API Provider draft

What is the point ?

It's a way to define an API and get implementations of it from blocks, items, or anything else really.

This API defines the types for general api access, the building blocks for registring api accesses, and implementations for the most common use cases, i.e. blocks, items and entities.

The solution

Every API access needs (1) minimum context for the query to function, (2) the api to query, and (3) additional context to provide.

For example, if you were to query a FluidInsertable from a block, (1) would be the world and the position, (2) would be an identifier for FluidInsertable, (3) would be the direction, or null if you don't want sided access.

If you were to query the FluidInsertable from an item stack, (1) would be the item stack, (2) would be the same identifier, and (3) would be a way to modify the current stack and somehow take care of the full buckets that could be produced.

1. The minimum context you need is encoded in a very rigid manner in the type system.
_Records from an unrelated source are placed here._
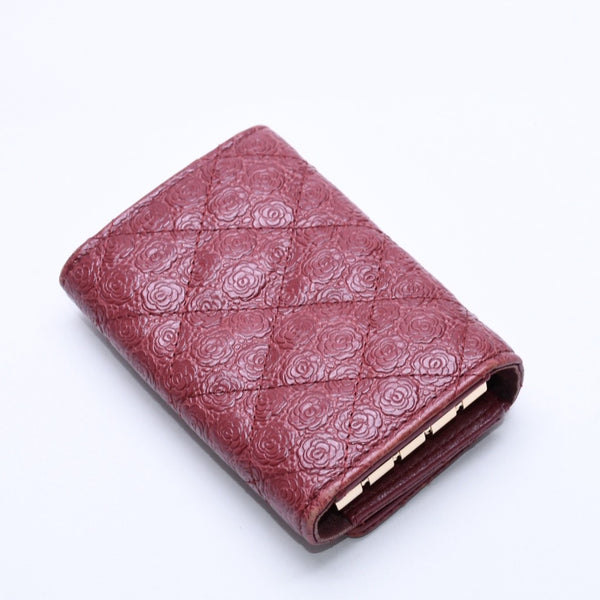 CHANEL シャネル カメリア型押し マトラッセ キーケース 26番台 カーフスキン ココマーク ボルドー ゴールド金具 美品 中古 4a004262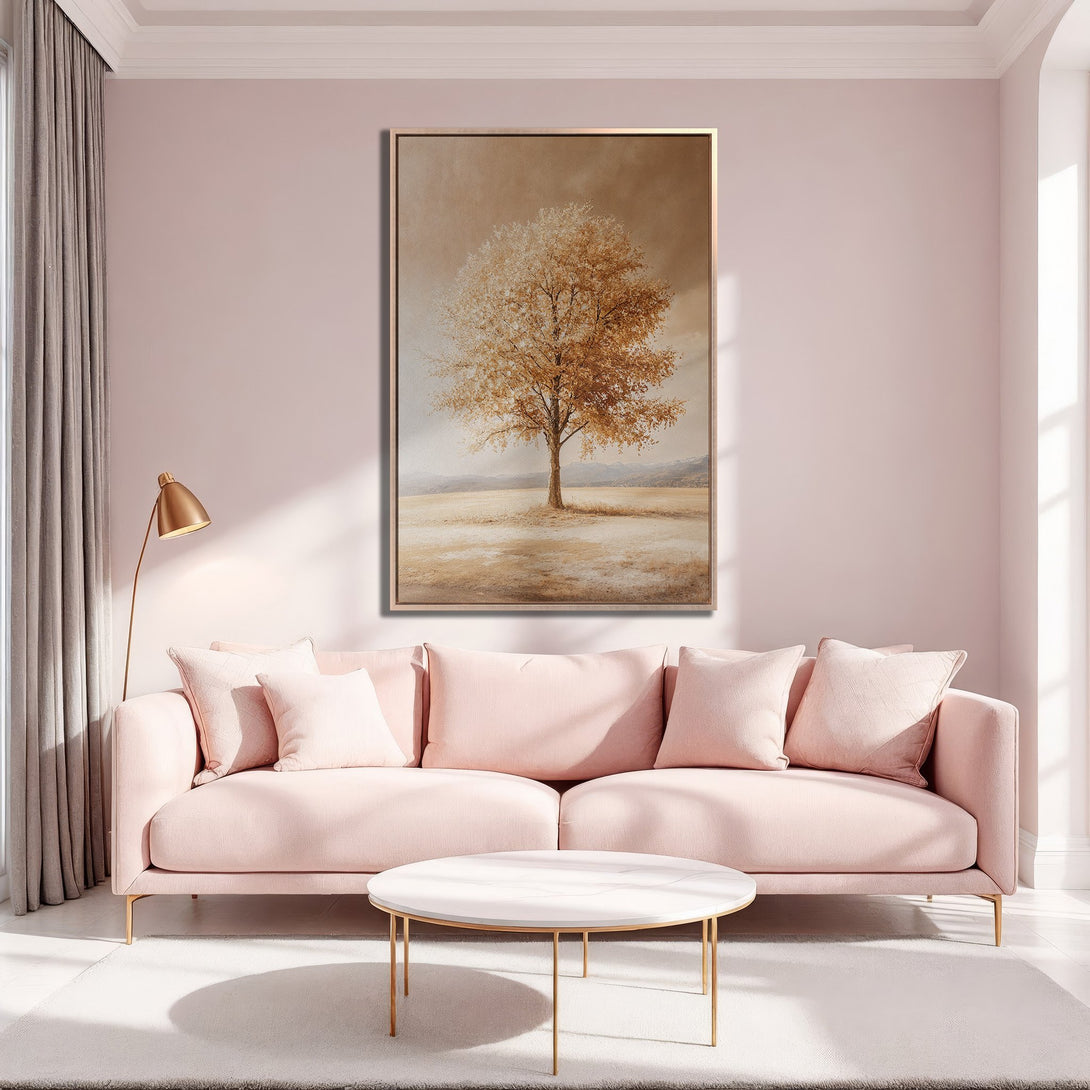 Framed Wall Art: Elegant tree landscape in warm tones. Perfect for adding a touch of serenity to your home decor. Shop our Canvas Print collection today!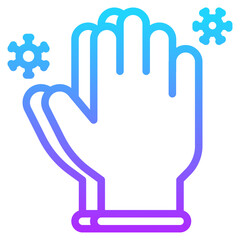 glove gradient line icon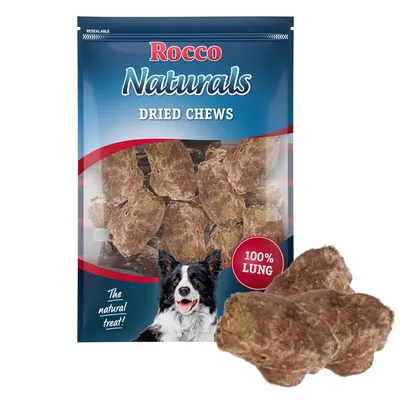 Rocco Naturals Dried Chews, sachet avec morceaux de friandises séchées, texte visible : 100% lung, The natural treat! Illustration d’un chien en bas du paquet.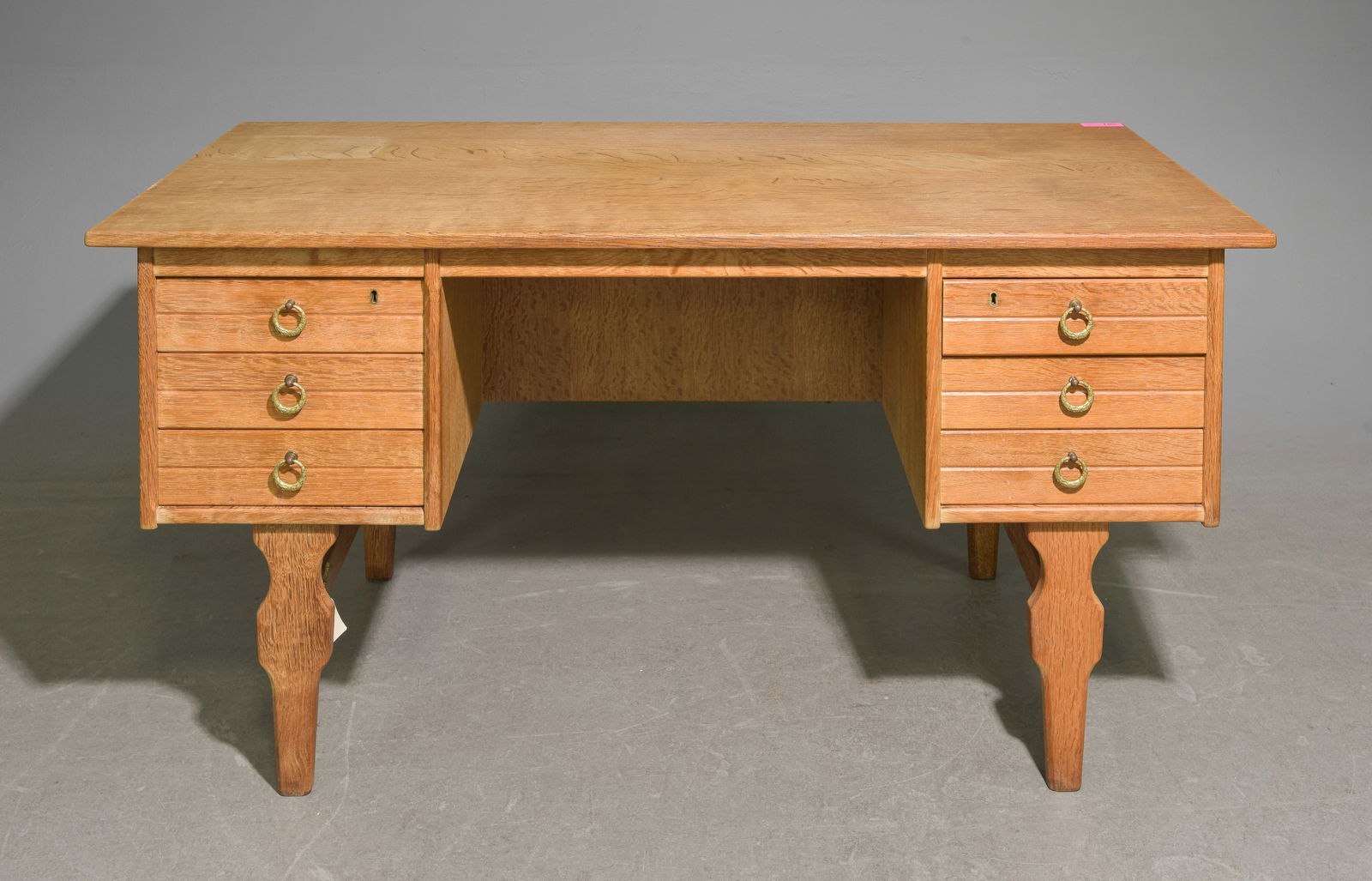 Danish Oak Desk with Bookshelf Front #2 (1 of 4)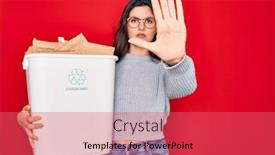  Presentation with eco - Beautiful slide set featuring young-beautiful-woman-holding-recycle backdrop and a red colored foreground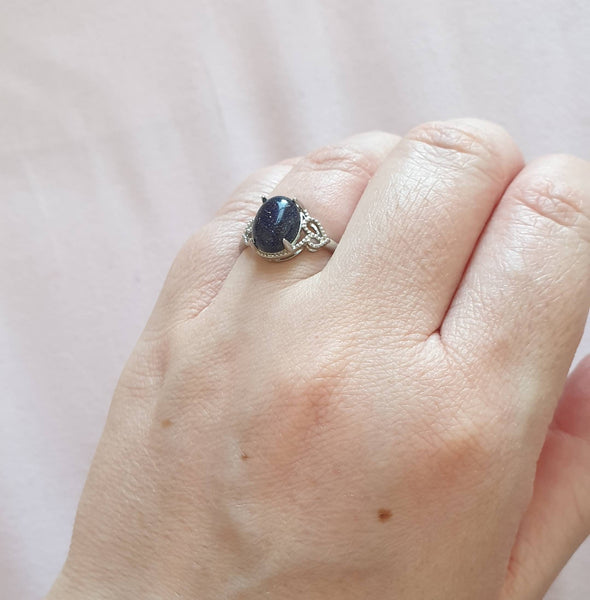 Silver Ring With Heart and Crystal Stone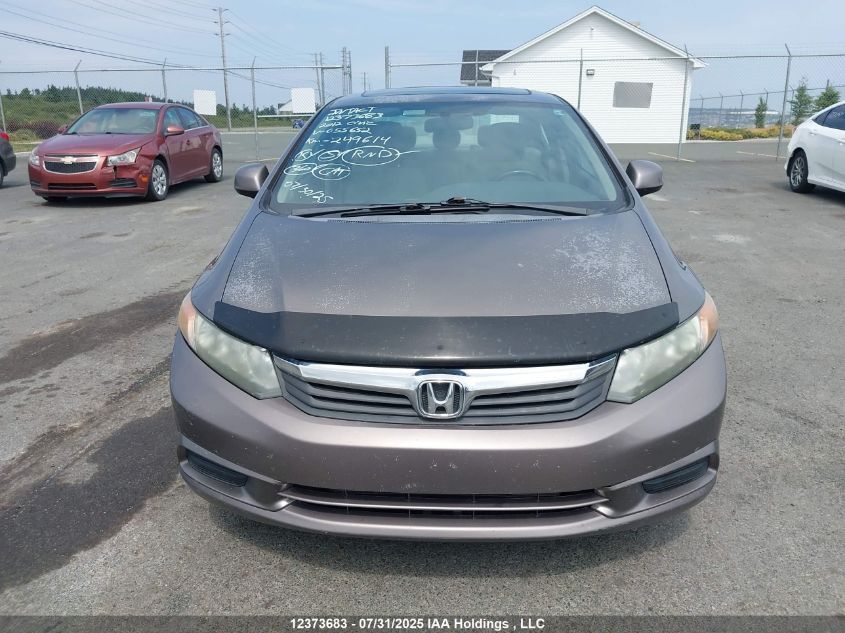 2012 Honda Civic Ex VIN: 2HGFB2F52CH055652 Lot: 12373683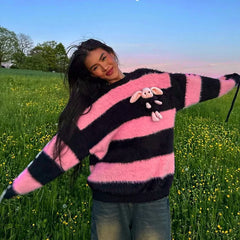 Lizakosht Autumn Winter Sweet Pink Sweater Woman Striped O-Neck Cute Pullover Casual Knitted Tops Streetwear Loose Tops Female Sweater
For a block access, you will need to use BlockApiLookupRegistry. For an item stack access, you will need to use ItemApiLookupRegistry, etc... This API provides building blocks for building custom registries.
2. An ApiKey is the combination of an interface, and an extra identifier. For example, our fluid insertable identifier could be defined like this:

   ApiKey<FluidInsertable> FLUID_INSERTABLE = ApiKey.create(FluidInsertable.class, new Identifier("mylib", "fluid_insertable"));

3. The extra context you need, ContextKey, is the combination of the context class for the extra context, and an extra identifier. It is very similar to an ApiKey:

   /* An example interface that allows updating the current stack, and sending back filled buckets. */
   interface ExcessStacksContext {
       void setStack(ItemStack newStack);
       void sendExcessStack(ItemStack excessStack);
   }
   ContextKey<@NotNull Direction> SIDED = ContextKey.create(Direction.class, new Identifier("c", "sided"));
   ContextKey<@NotNull ExcessStacksContext> EXCESS_STACKS = ContextKey.create(ExcessStacksContext.class, new Identifier("mylib", "excess_stacks"));

   This Api will also provide a few common context, like ContextKey<@Nullable Object> NO_CONTEXT for example.

Querying an API

Let's take our first example. We wish to query FLUID_INSERTABLE from a block in the world, using SIDED as context. The first step is getting a BlockApiLookup from the corresponding registry BlockApiLookupRegistry and caching it:

BlockApiLookup<FluidInsertable, @NotNull Direction> LOOKUP = BlockApiLookupRegistry.get(FLUID_INSERTABLE, SIDED);

Now, we can query the api by providing the world, the position and the extra context (here Direction) to the Lookup:

FluidInsertable fluidInsertable = LOOKUP.get(world, pos, direction);

So, (1) is encoded by the registry you are using, which returns a specific ApiLookup class. (2) and (3) are encoded in the Lookup instance you received from the registry.

Registering an API

An ApiProvider is a function that maps a context of type C to an implementation of an api T. For example, take a look at a BlockApiProvider:

@FunctionalInterface
public interface BlockApiProvider<T, C> {
    @Nullable T get(World world, BlockPos pos, C context);
}

Now, let's register a sided FluidInsertable provider for a FLUID_TRASH_CAN block. We will use the Lookup we defined earlier:

LOOKUP.registerForBlocks((world, pos, side) -> { /* return your instance of FluidInsertable */ }, FLUID_TRASH_CAN);

Creating your own registry

TODO

For now have a look at the implementation for blocks.

Questions

Why does registering an ApiKey or a ContextKey need both a class and an Identifier?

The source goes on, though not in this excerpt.